Ask Audrey: The Russians wouldn't want to get that close to Kanturk

There’s a new Russian hanging around the town and isn’t Berna after getting it into her head that he’s some class of spy
Ask Audrey: The Russians wouldn't want to get that close to Kanturk

Ask Audrey has been sorting Cork people out for ages.

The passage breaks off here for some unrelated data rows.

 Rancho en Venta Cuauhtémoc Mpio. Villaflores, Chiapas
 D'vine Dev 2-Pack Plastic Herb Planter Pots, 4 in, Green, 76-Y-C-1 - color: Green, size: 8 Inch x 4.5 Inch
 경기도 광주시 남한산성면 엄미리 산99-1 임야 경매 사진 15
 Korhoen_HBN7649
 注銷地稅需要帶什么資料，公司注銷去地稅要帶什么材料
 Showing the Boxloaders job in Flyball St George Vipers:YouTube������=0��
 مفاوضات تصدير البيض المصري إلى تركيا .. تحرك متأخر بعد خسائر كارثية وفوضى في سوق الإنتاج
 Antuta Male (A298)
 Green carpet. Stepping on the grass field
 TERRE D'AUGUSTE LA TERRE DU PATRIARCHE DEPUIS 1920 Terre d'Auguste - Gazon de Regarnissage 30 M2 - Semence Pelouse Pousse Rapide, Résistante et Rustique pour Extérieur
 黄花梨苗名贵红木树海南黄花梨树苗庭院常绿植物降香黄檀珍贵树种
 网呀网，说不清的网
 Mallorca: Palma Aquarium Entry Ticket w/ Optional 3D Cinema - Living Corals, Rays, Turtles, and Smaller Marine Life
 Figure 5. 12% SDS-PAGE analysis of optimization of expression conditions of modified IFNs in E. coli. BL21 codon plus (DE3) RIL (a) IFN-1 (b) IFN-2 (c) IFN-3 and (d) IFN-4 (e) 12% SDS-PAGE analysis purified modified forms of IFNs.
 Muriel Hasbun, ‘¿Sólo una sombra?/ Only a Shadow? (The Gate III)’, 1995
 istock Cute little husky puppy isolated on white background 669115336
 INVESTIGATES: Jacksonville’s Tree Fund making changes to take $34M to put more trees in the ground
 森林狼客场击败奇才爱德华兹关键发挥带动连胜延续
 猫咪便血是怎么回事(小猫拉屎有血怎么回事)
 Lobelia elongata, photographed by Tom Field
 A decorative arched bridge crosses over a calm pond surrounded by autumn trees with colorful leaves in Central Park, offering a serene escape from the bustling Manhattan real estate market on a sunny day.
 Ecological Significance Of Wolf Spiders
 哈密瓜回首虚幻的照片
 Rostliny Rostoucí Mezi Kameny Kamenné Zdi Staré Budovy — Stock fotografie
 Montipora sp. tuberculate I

It’s getting cosmetic on our WhatsApp group, Douglas Road Stunners Who Haven’t Aged a Minute Since the Start of the Pandemic. Orla_5grandChin kicked it all off on Tuesday when she told us that the hot bar-tender in her fav cocktail spot didn’t flirt with her last Saturday night, even though her jumpsuit cost more than his annual salary. Three Mojitos later, didn’t she ask him why he wouldn’t give her the eye, and he said, sorry girl, you’re older than I thought, now that you have the mask off. Fifi_BackFromMartinique said only two guys hit on her in Barry’s during the Munster match on Sunday, and one of them was from Carrigaline. It seems like we’ve all crossed into early middle-aged-woman-face during the last two years and anything we try now will make us look like a cougar. To make matters worse, Emer Cronin-Buckley was spotted out on Saturday night and isn’t the bee-atch after getting a whole new set of cheekbones over in Dubai. Worse again, My Ken is after following her on Instagram and there’s a bit of history there. So Audrey, I was wondering, could you have word with the powers that be and ask them to bring back all the restrictions until I sort out a bit of work on my nose? 

- Jenni, Douglas Road.

I rang the Posh Cousin there and said, what would your advice be to a Douglas Road Stunner who is having trouble with her nose? She said, tell her to lay off the marching powder. #NotAllDouglasRoadStunners

Hello it’s Rosealeen here in Ballydesmond. There’s a new Russian hanging around the town and isn’t Berna after getting it into her head that he’s some class of spy. She called into my place on the way back from Tantric Line Dancing on Tuesday night, in an awful state she was, after bumping into some chap called Igor on the road below. He asked her what night was the bingo in Scartaglin and it set her alarm bells ringing, because everyone knows there isn’t an ounce of bingo in Scartaglin, and the place a cultural wasteland, widely regarded as Kerry’s answer to Kiskeam. Berna’s take is that “what night is the bingo in Scartaglin” is some kind of code question and your man is obviously working for the KGB. I said, what did you say to him? She said, I told him the truth, there is no bingo. And what happened then says I, and she said, he showed me a photo of his aircraft-carrier. I said is that your own code for his meat and two veg and she said, no, it was a real aircraft carrier. Well, we agreed that he’s either a spy or a fan of aircraft-carriers and it’s hard to know which is worse. Do I need to tell the Guards? 

-Rosealeen, Ballydesmond

I rang the Russian embassy there and said, are ye thinking of invading Ballydesmond. The guy said, don’t be ridiculous – who in their right mind would want to get that close to Kanturk?

C’mere, what’s the story with forgiving your old doll for having a fling? She brought me in a cup of tea there last night and said the words that no man wants to hear – do you mind if I invite me Mam over for dinner? I started crying and she said I’m only messing Donie, what I meant to say is I had a one night stand with the Spanish lad working in Circle K. I said nice one girl, you had me going there, but I’m devastated that you feel the need to play away from home. Anyway, I called down to the Circle K last night to see what I was up against, and your man is sound out. He’s actually a Liverpool fan like myself, even though he comes from Madrid. I never heard of people following a team from another city -bonkers. To be honest with ya, I have more in common with him than the old doll, but not in a gay way before you ask. Now, we’ve been trying to let the spare room for ages and he happened to mention that he’s kipping on a couch. Do you think it would be a good idea to invite him in? 

- Dowcha Donie, Blackpool

It’s a tricky one. I remember years ago My Conor and I were looking for a house-mate. He said, could I trust you with an Italian. I said, absolutely, I do a mean carbonara. He said, what about an Italian man? I said, they’re brilliant at carbonara as well. He said, Audrey, could I trust you alone in the house with an Italian man when I’m away on business? I said, Jesus no.

Hey dude. So, my family didn’t get where we are in Cork society without recognising which way the wind is blowing. To that end, I for one welcome our new Russian overlords. One day they’re conducting missile tests off our coast, the next they’re marching down the Marina looking for a few bevs. So I’ve opened up a pop up vodka experience for them down by Blackrock Village. What do you think I should call it?

- Ed, Ballintemple

My cousin is a big fan of pub names, which is one step above stamp-collecting on the snooze front. I said, what would be a good name to attract Russians to a bar in Cork? He said, ‘C’mere Vladimir’.